Sometimes there are lots of dumpling wrappers, but the stuffing is not enough. They can be saved for future use. So how to keep the dumpling skin? How to keep the dumpling skin not sticky?
How to keep dumpling skin?
It's very simple to keep the dumpling skin. Just wrap it up in a fresh-keeping bag and put it in the refrigerator. It should be OK to put it for 3-5 days. One thing to pay attention to is that the temperature of the refrigerator must be low, so that it can be preserved for a long time. Just don't let the dumpling skin freeze.

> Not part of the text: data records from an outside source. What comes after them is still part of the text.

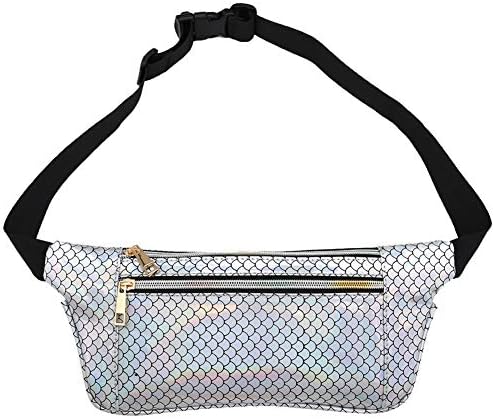 Holyami Fashion Holographic Fanny Pack for Women Men-Waterproof Travel Waist Packs Bum Purse Bags for Rave, Festival,Hiking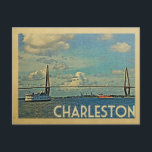 Charleston Postcard South Carolina Vintage Travel<br><div class="desc">Charleston South Carolina design in Vintage Travel style featuring the Ravenel bridge on the Cooper River with tugboat. A fun South Carolina vintage travel print.</div>
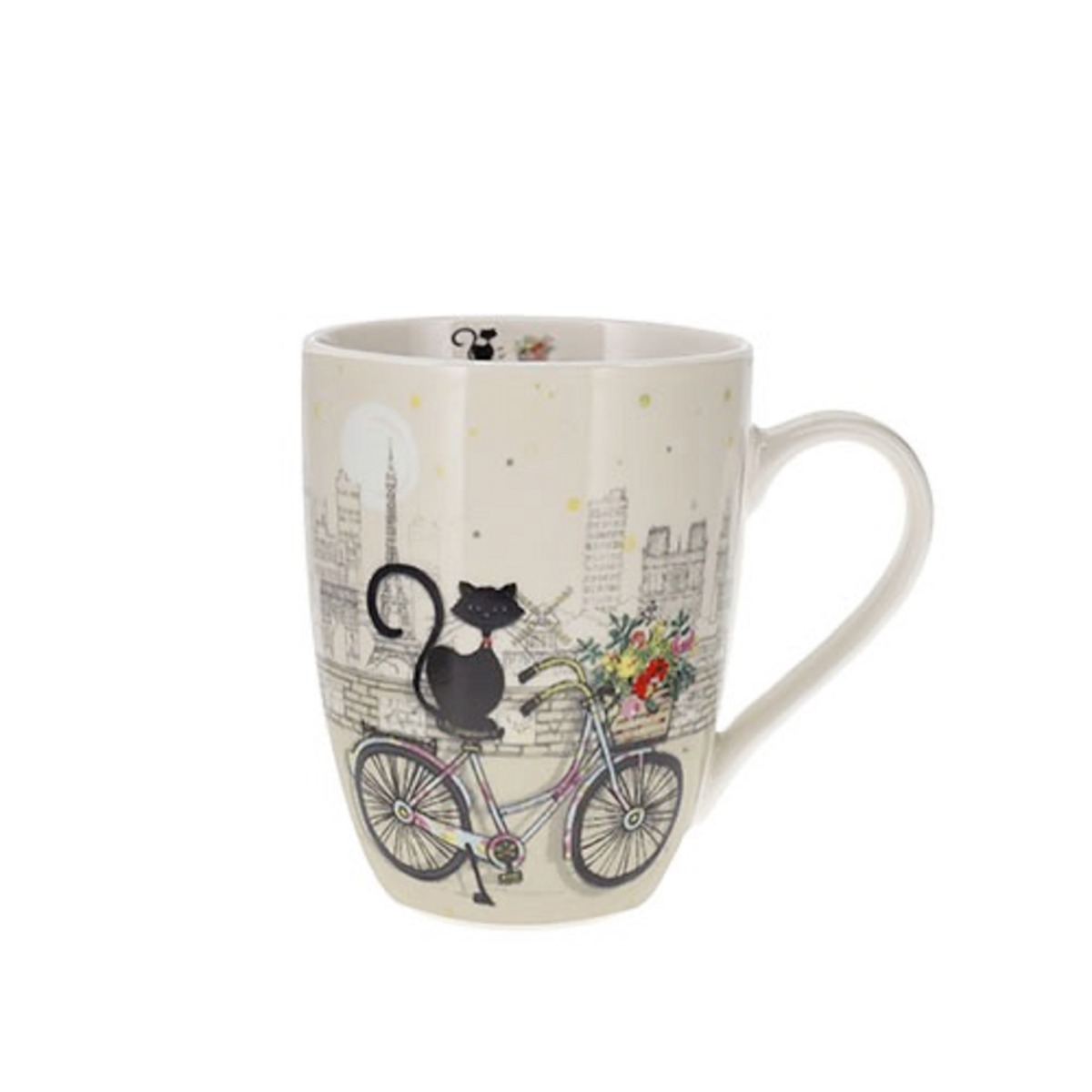 Cana Bug Art Paris Chat Velo 340 ml Portelan Alb Kiub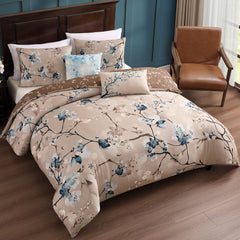 Bebejan Blue Blossom 5 Piece Reversible Comforter Set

How to keep dumpling skin not sticky?
Dumpling skin and skin between starch can be separated. Or put it in the refrigerator for two or three hours, and then pick it up and put it in a bag.
How to make dumpling skin?
Materials: flour, water
Method: mix the noodles. Turn the tap to drop by drop, twist it clockwise, turn the flour into a dough, and make it a little harder.

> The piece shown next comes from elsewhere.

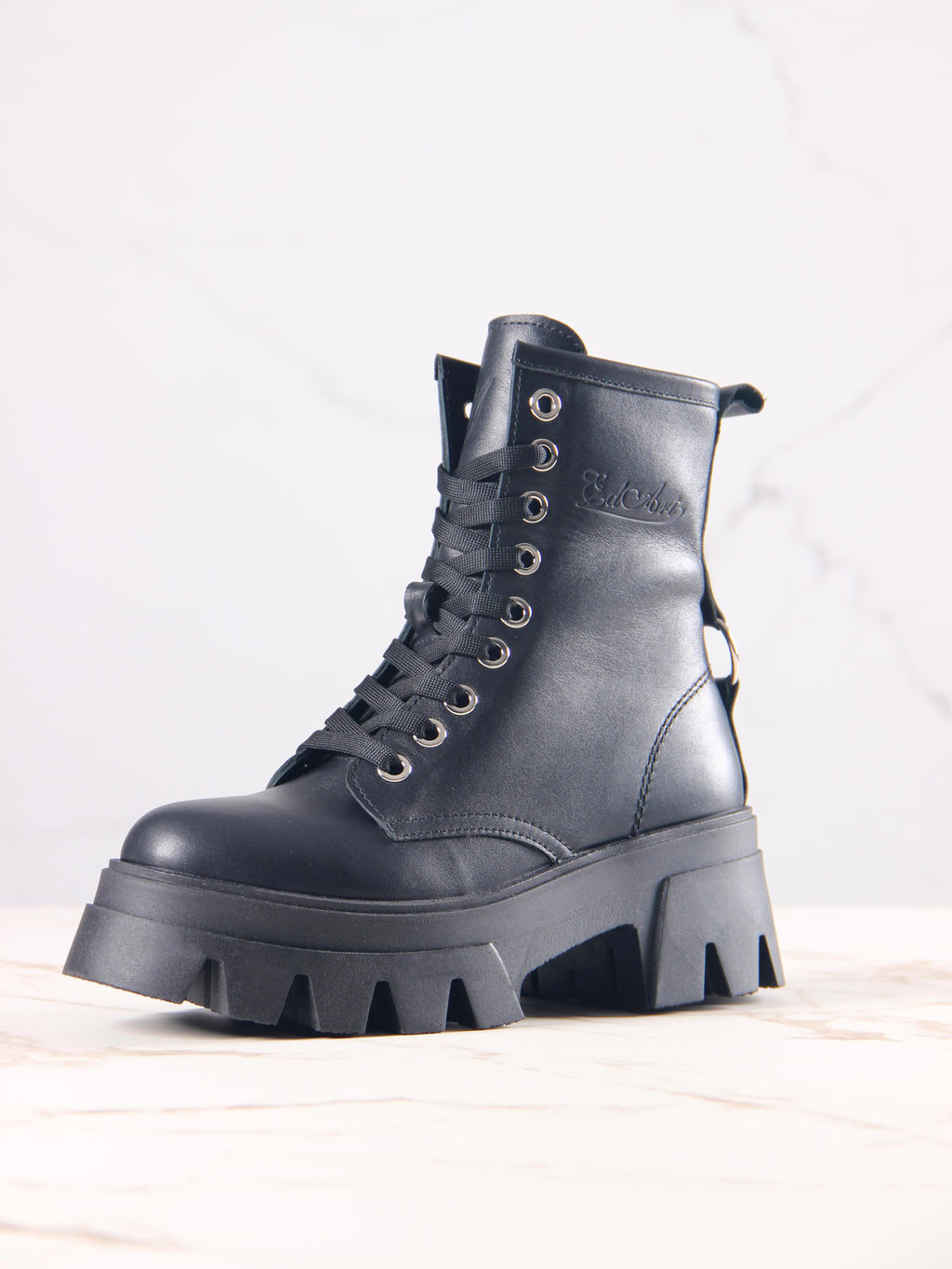 Ботинки 329.зиплайнbl.Черный/шерсть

Knead the dough. Keep kneading for at least ten minutes to make the dough stiff.
Wake up. Put the kneaded flour in the basin, cover it and wake up until you start rolling.
Put the dough on the panel and knead for ten minutes. Main point: put some flour on the panel and knead it more vigorously.
Knead into a ball, pick a hole from it, turn around and knead.
Divide into wedges of appropriate size. Knead the dough until the cross section of the dough stick is equal to the size of a dollar coin. When kneading, sprinkle some flour on the board to prevent sticking to the board.
Press dough. Sprinkle with flour, knead each dough with your hand and press it down with the big muscle of your hand and thumb. The one on the left has been pinched and the one on the right has been flattened. So you can start rolling leather!
Note: when rolling with a rolling pin, pay attention to thick middle and thin edge, and thick middle to prevent dumpling stuffing leakage, thin edge and good taste.